В Литву приехала в конце лета, когда со всех сторон только и слышалось: «Грибас, грибай, грибу». Из лукошек, ведер, корзин высовывались коричнево-лаковые шляпки маслят. И в общежитии, где ее поселили, пахло жареными грибами с луком. В крохотной комнате едва умещались впритык друг к другу три железные койки, фанерная тумбочка и стол. В тот же вечер сюда набилось множество народа. Она попыталась было ускользнуть по своей дикости, но ее задержали, усадили за стол. Пили дешевое белое терпкое виноградное вино, болтали далеко за полночь.
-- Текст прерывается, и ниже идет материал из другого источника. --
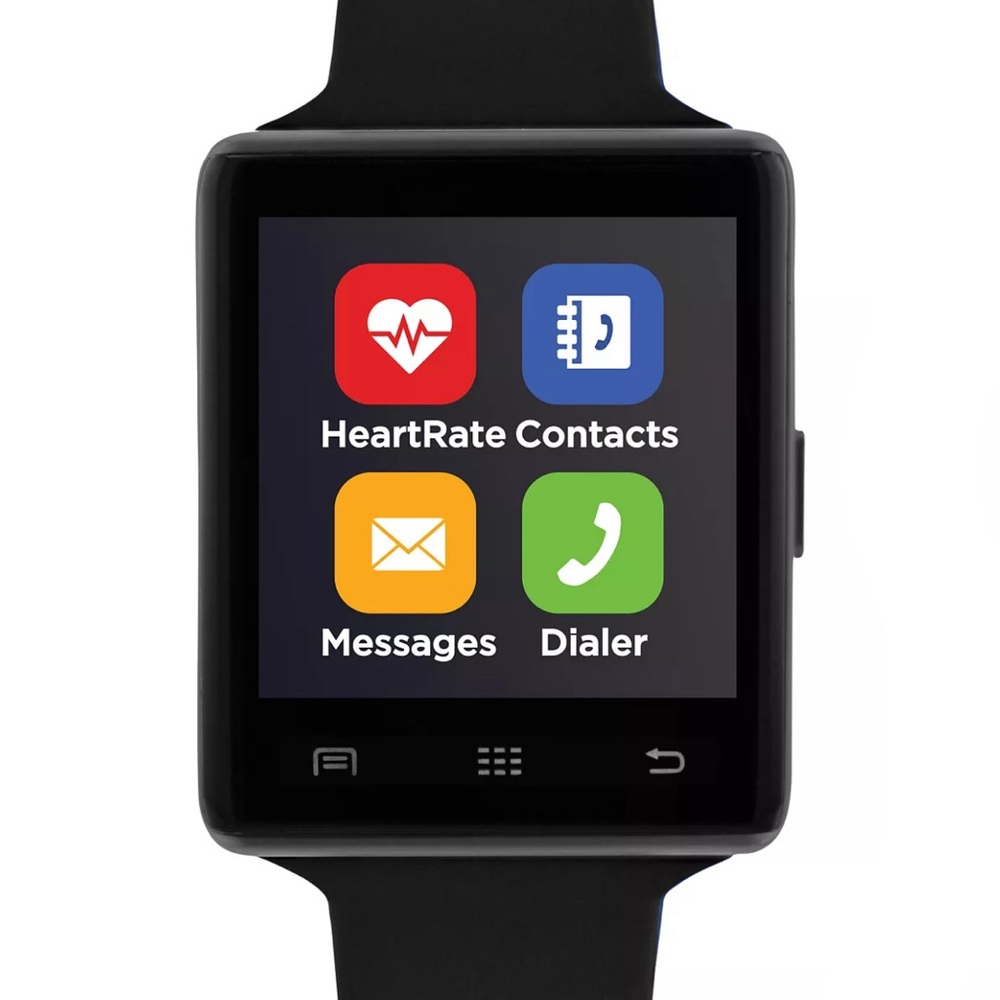 COPY - Air 2 Smartwatch 45mm Black Case with Black Strap.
И разошлись чуть ли не под утро по своим комнатам, давясь в полутьме коридора молодым беспричинным смехом. Люди в общежитии собрались приезжие, одинокие. Может, потому и посиделки были почти каждый вечер. А утром вскакивали, бежали полусонные на работу, перекликаясь друг с другом. И голоса их, охрипшие в ночных спорах, звучали в утреннем осеннем тумане приглушенно, точно издалека. Казалось, вся жизнь еще впереди, а это только начало, самый кончик громадного клубка лет, отпущенного каждому.
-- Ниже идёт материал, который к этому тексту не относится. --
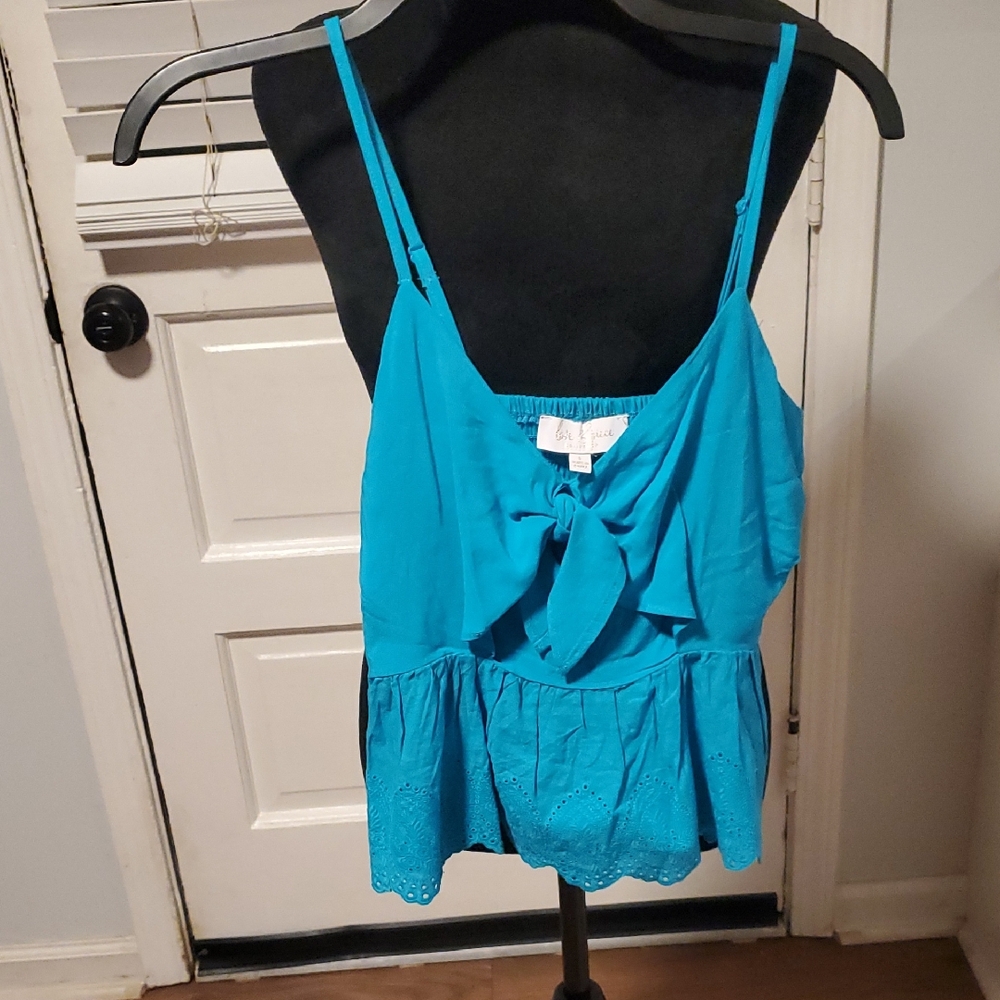 Vibrant Blue Camisole with Bow Detail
Поначалу Октя тяготилась этим многолюдьем, но вскоре привыкла. Обычно устраивалась в уголке своей кровати, сжавшись в комочек, чтоб ненароком не коснуться чьей-нибудь руки или плеча. Молча слушала, не вступая в разговоры, изредка улыбаясь бледной за-стенчивой улыбкой, робко кивала. Однако стоило разговору свернуть на торную, но скользкую дорожку о политике, она норовила ускользнуть прочь. Их безрассудная болтливость раздражала, вызывала в ней ярость: «Зачем об этом кричать? Ведь и без того всем все ясно». После истории с Ильей поняла и приняла игру, в которой «да» и «нет» говорят лишь хором. Люди, нарушающие эти правила, вызывали в ней ненависть: «Это они нарочно, чтобы всех впутать. Сами в пропасть летят и других за собой тянут». Может, потому и Владаса сразу про себя отметила. Был из самых отпетых. «Иллюзион», – цедил он сквозь зубы, попыхивая изредка трубкой. Сизый дымок завивался крупными кольцами над его квадратной, стриженной ежиком головой. Зеленые небольшие глаза презрительно щурились. Он докуривал трубку, аккуратно выбивал ее, клал в карман жилета. Туго, под самое горло подтягивал узел галстука. «Граф. Не зря у него такое прозвище», – с неприязнью думала Октя, стараясь не встречаться с ним взглядом. Стоило ему начать разговор – тотчас стремилась уйти.